O inventário nacional de emissões de GEE é o principal instrumento de monitorização das emissões e remoções de emissões de origem antropogénica, permitindo acompanhar o cumprimento das metas nacionais e europeias, constituindo, por isso, um elemento-chave da política climática.
No inventário são contabilizadas as emissões e sequestro de GEE, incluindo o dióxido de carbono (CO2), o metano (CH4), o óxido de azoto (N2O), os hidrofluorocarbonetos (HFC), os perfluorocarbonetos (PFC), o hexafluoreto de enxofre (SF6) e o trifluoreto de azoto (NF3). São também incluídos os designados GEE indiretos, que contribuem para a formação de outros poluentes atmosféricos, como o monóxido de carbono (CO), o dióxido de enxofre (SO2), os óxidos de azoto (NOx) e os compostos orgânicos voláteis não metânicos (COVNM).
A nível nacional, a compilação e comunicação destes dados é assegurada pelo Sistema Nacional de Inventário de Emissões por Fontes e Remoções por Sumidouros de Poluentes Atmosféricos (SNIERPA), que garante a robustez técnica, a transparência e a conformidade metodológica, assegurando o cumprimento das obrigações de reporte de Portugal no quadro da Convenção-Quadro das Nações Unidas sobre Alterações Climáticas (UNFCCC) e do Regulamento da Governação da União da Energia e da Ação Climática.
A União Europeia (UE), no âmbito da sua estratégia de redução de emissões de GEE, e como forma de garantir o cumprimento dos compromissos assumidos no contexto internacional, criou o mecanismo do Comércio Europeu de Licenças de Emissão (CELE), constituindo o primeiro instrumento de mercado intracomunitário de regulação destas emissões. O regime CELE encontra-se em vigor desde 2005, tendo decorrido três períodos de cumprimento (2005–2007, 2008-2012 e 2013-2020).
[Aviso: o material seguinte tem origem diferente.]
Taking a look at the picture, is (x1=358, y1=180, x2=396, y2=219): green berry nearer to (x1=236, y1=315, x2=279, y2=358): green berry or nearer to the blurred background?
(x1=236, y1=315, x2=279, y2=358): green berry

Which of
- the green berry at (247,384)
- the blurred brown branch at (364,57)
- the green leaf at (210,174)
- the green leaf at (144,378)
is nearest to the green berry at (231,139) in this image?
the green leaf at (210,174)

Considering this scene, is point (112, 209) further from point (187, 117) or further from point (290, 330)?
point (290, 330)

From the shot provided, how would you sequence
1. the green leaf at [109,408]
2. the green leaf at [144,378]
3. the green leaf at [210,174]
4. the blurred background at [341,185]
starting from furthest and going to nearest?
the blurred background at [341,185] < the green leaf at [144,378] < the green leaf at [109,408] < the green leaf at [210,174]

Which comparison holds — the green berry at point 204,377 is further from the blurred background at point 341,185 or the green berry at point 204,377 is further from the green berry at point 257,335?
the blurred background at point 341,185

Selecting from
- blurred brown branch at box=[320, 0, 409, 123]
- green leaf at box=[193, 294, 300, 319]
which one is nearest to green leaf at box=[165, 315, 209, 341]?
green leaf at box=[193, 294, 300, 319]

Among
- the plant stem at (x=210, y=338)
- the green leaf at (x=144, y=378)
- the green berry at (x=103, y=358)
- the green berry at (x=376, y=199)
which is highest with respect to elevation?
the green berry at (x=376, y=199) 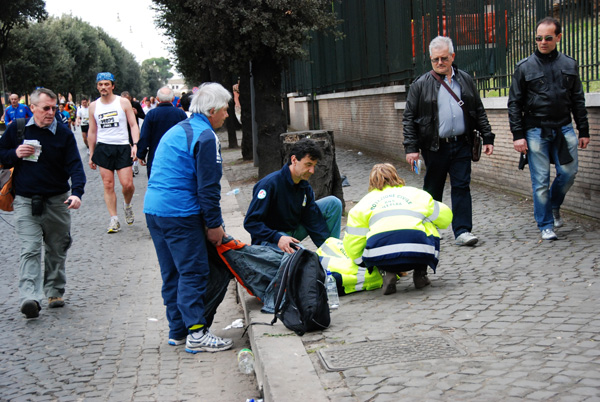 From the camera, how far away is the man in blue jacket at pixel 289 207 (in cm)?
568

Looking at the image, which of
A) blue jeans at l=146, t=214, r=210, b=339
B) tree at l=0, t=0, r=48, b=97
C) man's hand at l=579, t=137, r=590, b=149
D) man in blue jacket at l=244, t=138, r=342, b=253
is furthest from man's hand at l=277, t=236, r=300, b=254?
tree at l=0, t=0, r=48, b=97

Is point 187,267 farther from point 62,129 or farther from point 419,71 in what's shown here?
point 419,71

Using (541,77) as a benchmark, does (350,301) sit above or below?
below

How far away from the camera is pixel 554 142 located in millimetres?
7195

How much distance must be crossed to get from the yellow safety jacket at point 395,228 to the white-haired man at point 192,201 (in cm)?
123

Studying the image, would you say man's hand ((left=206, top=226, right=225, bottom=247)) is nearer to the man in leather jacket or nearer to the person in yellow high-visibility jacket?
the person in yellow high-visibility jacket

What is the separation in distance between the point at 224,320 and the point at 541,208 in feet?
10.7

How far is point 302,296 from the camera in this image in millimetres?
4969

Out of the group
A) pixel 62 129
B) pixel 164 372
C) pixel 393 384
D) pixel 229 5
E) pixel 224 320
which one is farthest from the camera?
pixel 229 5

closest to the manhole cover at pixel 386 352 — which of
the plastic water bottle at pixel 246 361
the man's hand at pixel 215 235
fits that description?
the plastic water bottle at pixel 246 361

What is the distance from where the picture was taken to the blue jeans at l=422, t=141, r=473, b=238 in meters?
7.24

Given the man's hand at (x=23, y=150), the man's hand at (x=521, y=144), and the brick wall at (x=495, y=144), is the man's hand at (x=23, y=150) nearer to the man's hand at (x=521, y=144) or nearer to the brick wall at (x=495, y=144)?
the man's hand at (x=521, y=144)

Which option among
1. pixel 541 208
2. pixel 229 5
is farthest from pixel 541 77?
pixel 229 5

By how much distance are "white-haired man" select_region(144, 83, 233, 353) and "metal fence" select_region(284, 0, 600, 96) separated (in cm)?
488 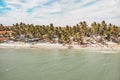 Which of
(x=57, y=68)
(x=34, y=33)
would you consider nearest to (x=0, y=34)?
(x=34, y=33)

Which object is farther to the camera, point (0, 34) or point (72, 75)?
point (0, 34)

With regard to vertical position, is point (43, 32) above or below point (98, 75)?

Em 2021 teve início o quarto período de cumprimento, que decorrerá até 31 de dezembro de 2030. São abrangidas, por este regime, instalações de setores muito diversos, desde o setor energético aos industriais, dos quais se destacam no caso deste último os seguintes: “Refinação”, “Metais”, “Cimentos”, “Químico”, “Cerâmico”, “Vidro”, “Pasta”, “Papel”, “Agroflorestal” e “Agroalimentar”. Desde 2010 está também abrangido o setor da “Aviação” e, desde 2024, o “Transporte marítimo”. A partir de 2028 entra em vigor o regime designado por CELE 2, que abrange os setores dos “Edifícios”, “Transporte rodoviário” e “Pequena indústria não abrangida pelo regime CELE atual”, mantendo-se até esse ano apenas as obrigações de monitorização e comunicação de emissões.
O regime CELE foi reforçado por instrumentos complementares, como o Mecanismo de Ajustamento Carbónico Fronteiriço (CBAM, na sigla inglesa), que visa prevenir o risco de fuga de carbono, assegurando que as importações de mercadorias intensivas em emissões refletem um custo de carbono comparável ao da indústria europeia, promovendo, assim, condições de concorrência equitativas e incentivando a descarbonização das cadeias de valor globais.
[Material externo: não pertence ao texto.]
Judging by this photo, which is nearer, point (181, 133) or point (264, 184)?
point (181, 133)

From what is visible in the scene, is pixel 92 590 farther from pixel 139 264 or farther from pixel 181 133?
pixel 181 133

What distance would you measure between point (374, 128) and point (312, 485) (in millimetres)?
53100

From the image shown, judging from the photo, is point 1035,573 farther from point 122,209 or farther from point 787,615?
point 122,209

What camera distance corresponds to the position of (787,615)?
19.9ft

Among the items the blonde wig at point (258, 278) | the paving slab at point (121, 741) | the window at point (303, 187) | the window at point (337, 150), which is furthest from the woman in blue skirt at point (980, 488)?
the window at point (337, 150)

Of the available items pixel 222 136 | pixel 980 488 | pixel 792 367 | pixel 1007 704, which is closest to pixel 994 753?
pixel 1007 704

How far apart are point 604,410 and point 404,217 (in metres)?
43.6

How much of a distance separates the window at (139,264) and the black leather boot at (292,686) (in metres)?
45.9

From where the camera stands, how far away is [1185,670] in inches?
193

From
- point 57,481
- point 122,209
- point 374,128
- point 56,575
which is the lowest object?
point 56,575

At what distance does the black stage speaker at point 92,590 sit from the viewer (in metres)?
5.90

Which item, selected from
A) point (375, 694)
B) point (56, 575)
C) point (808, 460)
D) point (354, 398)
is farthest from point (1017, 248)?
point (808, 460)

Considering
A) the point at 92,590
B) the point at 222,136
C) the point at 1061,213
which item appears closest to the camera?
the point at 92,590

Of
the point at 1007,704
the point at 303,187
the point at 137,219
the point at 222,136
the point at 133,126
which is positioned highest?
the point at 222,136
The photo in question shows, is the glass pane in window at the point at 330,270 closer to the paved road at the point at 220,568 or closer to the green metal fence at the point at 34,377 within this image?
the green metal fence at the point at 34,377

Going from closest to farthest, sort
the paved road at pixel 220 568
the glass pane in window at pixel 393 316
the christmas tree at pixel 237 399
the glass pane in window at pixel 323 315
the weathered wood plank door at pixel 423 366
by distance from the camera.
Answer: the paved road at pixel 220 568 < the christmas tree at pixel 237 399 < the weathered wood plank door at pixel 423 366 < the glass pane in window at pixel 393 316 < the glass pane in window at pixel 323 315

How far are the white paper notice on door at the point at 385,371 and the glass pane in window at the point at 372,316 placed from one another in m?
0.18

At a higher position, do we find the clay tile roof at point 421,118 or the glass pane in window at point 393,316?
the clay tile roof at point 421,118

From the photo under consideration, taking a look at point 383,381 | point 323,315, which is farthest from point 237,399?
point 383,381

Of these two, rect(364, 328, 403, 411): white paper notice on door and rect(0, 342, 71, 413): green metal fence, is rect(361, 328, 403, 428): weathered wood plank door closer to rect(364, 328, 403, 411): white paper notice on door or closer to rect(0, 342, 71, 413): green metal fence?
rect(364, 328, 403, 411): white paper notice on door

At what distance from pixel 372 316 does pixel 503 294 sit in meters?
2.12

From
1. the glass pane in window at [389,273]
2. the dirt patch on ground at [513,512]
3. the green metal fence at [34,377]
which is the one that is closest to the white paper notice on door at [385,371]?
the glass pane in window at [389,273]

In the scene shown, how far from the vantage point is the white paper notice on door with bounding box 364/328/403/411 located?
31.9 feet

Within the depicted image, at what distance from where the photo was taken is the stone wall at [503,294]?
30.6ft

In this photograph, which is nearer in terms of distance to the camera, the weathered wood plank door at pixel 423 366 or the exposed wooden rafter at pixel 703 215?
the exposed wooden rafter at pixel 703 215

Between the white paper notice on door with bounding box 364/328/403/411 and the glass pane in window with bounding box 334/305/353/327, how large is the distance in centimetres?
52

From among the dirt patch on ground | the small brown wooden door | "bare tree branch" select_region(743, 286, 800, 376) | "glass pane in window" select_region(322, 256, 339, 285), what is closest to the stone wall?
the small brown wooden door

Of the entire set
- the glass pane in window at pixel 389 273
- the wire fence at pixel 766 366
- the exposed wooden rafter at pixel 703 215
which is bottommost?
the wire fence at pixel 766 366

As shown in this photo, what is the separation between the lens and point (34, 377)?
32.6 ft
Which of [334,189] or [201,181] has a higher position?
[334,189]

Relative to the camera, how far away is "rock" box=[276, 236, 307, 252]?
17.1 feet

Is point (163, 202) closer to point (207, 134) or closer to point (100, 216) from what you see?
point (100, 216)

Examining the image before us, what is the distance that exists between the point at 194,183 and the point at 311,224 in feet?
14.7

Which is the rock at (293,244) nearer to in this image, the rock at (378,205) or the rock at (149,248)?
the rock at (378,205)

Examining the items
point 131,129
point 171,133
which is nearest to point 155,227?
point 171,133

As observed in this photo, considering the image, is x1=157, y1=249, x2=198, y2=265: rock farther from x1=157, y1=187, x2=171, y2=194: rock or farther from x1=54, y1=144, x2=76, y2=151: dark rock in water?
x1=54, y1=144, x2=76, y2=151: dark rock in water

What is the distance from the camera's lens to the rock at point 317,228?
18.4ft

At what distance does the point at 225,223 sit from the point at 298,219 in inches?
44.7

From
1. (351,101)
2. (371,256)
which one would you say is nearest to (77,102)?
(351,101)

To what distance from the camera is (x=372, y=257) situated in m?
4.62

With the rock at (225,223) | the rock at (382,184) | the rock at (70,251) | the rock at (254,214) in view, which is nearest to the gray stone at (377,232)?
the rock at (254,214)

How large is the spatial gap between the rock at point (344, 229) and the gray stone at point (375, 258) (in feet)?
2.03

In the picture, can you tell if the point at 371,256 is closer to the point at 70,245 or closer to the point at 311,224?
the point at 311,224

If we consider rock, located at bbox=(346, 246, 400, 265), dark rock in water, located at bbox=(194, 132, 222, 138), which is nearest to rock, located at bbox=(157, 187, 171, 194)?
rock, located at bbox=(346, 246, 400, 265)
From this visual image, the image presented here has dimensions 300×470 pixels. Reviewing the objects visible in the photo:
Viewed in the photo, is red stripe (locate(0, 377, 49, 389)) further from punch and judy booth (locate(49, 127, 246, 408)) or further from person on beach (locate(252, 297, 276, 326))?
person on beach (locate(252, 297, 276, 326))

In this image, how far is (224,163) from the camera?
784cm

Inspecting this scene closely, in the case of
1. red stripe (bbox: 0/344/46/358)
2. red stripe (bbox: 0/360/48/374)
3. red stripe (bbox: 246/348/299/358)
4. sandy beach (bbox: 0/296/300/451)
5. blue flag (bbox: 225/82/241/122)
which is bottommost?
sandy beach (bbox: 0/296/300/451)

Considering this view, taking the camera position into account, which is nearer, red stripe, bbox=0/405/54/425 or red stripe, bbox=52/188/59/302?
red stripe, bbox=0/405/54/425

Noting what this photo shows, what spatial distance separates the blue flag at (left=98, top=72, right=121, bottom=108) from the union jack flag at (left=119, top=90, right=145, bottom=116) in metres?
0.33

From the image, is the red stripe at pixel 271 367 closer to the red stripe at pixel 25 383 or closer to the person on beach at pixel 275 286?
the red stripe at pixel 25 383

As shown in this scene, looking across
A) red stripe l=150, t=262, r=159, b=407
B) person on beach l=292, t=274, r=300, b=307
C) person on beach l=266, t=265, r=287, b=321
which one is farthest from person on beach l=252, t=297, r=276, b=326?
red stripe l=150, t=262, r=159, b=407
A nível europeu, após cumprimento da meta coletiva de redução de emissões para 2020, fixada em 21% face aos níveis de 2005, e alcançada com uma redução de 41%, a revisão do quadro legislativo veio estabelecer objetivos mais ambiciosos, através do pacote ”Fit for 55”.
A Partilha de Esforços (Regulamento (UE) 2018/842) abrange os setores não CELE e divide a meta global europeia em metas individuais por Estado-Membro. Neste contexto, foi estabelecido que Portugal deveria limitar, entre 2013 e 2020, o aumento de emissões de GEE dos setores não CELE a 1%, em relação a 2005 – valor que foi atingido com uma redução de 21%. Com a revisão promovida pelo pacote “Fit for 55”, traduzida no novo Regulamento (UE) 2023/857, foram revistos os contributos nacionais para a meta da União, cabendo a Portugal limitar até 2030 as emissões de GEE dos setores não CELE em, pelo menos, 28,7% relativamente a 2005. Em alinhamento com esta revisão, foram também atualizados os limites anuais que os Estados-Membros devem respeitar para o período de 2023 a 2030 (Decisão de Execução (UE) 2023/1319).
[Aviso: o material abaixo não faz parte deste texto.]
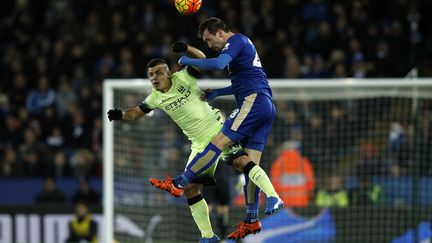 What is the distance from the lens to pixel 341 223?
14883mm

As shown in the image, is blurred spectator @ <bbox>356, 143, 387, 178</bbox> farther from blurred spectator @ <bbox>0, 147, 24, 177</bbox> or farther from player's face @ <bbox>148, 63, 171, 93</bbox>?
blurred spectator @ <bbox>0, 147, 24, 177</bbox>

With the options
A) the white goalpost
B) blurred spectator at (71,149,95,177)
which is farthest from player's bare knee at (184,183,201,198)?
blurred spectator at (71,149,95,177)

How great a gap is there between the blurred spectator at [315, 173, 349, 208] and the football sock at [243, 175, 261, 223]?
5.26 meters

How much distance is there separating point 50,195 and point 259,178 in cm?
804

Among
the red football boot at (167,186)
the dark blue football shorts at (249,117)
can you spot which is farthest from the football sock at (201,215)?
the dark blue football shorts at (249,117)

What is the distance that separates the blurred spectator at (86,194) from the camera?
54.0 ft

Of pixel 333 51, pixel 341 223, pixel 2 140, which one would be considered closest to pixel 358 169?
pixel 341 223

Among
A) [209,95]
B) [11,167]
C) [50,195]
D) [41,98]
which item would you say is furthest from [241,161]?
[41,98]

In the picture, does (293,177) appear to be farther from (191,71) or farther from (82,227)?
(191,71)

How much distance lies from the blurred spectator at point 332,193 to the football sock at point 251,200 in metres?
5.26

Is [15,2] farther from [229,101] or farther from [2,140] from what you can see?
[229,101]

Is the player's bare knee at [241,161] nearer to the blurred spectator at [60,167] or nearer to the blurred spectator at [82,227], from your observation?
the blurred spectator at [82,227]

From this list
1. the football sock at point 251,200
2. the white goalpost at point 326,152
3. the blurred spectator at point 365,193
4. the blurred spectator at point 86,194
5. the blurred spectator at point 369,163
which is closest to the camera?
the football sock at point 251,200

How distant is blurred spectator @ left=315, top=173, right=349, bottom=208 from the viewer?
15023mm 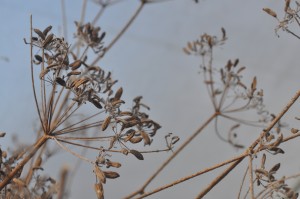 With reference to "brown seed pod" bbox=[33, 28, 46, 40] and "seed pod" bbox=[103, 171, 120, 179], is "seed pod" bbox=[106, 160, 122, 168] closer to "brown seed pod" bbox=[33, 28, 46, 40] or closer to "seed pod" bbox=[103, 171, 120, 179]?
"seed pod" bbox=[103, 171, 120, 179]

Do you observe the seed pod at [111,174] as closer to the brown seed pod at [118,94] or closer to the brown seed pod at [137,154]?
the brown seed pod at [137,154]

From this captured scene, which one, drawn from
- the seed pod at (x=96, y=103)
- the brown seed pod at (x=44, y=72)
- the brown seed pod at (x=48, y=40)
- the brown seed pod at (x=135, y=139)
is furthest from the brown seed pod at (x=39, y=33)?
the brown seed pod at (x=135, y=139)

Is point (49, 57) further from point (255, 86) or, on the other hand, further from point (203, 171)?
point (255, 86)

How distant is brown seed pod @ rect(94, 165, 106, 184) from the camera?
1.28 meters

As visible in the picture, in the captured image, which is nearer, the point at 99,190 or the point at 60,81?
the point at 99,190

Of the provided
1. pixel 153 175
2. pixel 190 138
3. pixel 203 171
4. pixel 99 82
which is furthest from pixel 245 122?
pixel 203 171

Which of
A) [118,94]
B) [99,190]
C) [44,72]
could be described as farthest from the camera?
[118,94]

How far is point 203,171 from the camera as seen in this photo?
1.22 meters

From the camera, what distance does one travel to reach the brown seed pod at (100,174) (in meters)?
1.28

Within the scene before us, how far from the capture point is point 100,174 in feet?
4.28

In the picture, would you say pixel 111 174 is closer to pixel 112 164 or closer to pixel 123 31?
pixel 112 164

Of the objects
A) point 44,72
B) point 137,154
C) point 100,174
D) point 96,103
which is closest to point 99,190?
point 100,174

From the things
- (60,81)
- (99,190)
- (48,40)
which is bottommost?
(99,190)

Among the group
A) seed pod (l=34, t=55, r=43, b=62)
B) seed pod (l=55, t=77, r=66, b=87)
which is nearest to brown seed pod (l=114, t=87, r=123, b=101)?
seed pod (l=55, t=77, r=66, b=87) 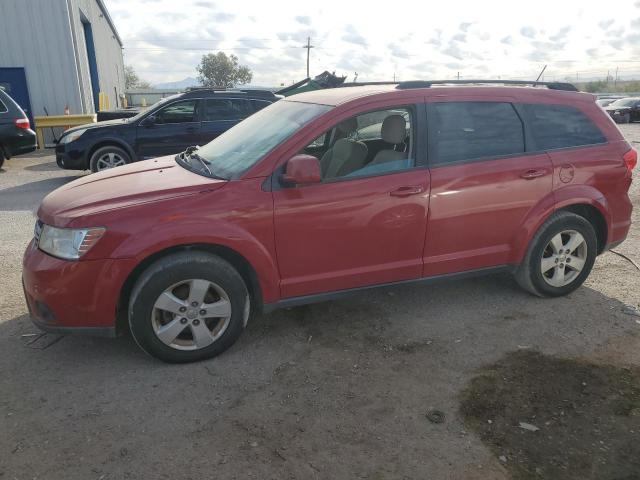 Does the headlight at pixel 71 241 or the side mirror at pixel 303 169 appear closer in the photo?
the headlight at pixel 71 241

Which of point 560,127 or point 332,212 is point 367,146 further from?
point 560,127

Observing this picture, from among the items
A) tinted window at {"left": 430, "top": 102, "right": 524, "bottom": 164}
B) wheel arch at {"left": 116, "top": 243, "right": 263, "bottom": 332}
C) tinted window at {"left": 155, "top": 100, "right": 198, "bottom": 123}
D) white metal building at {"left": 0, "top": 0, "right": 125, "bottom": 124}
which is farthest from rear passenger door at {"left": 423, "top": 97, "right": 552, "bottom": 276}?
white metal building at {"left": 0, "top": 0, "right": 125, "bottom": 124}

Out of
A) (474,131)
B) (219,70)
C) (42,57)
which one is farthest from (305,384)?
(219,70)

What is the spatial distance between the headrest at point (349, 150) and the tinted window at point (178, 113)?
21.6ft

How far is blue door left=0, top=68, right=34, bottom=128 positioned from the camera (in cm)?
1599

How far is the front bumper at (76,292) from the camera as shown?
316 cm

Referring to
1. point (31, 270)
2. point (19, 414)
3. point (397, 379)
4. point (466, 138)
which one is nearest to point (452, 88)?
point (466, 138)

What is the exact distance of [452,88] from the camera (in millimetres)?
4004

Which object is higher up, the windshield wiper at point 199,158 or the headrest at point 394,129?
the headrest at point 394,129

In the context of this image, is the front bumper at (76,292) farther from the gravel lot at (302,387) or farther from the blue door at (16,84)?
the blue door at (16,84)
O Acordo de Paris, alcançado em 2015, fixou objetivos de longo prazo de contenção do aumento da temperatura média global a um máximo de 2 °C, com o compromisso da parte da comunidade internacional de prosseguir todos os esforços para que esse aumento não ultrapasse 1,5 °C, valores que a ciência define como máximos para garantir a continuação da vida no planeta como a conhecemos e sem alterações demasiado disruptivas.
Estabeleceu, desta forma, um quadro global de entendimento propício para o desenvolvimento de políticas públicas a nível regional, nacional ou subnacional, que promovam as condições para a criação de sociedades e economias de baixo carbono, assentes em princípios de eficiência na utilização de recursos e em formas de atuação colaborativas que promovam uma efetiva integração dos desafios das alterações climáticas em todas as vertentes das nossas sociedades, abrangendo a redução das emissões e, também, a resiliência aos efeitos das mudanças climáticas.
Portugal assumiu, em 2016, o objetivo da neutralidade carbónica até ao final da primeira metade deste século, traçando, assim, uma visão relativamente à descarbonização profunda pretendida para a economia nacional.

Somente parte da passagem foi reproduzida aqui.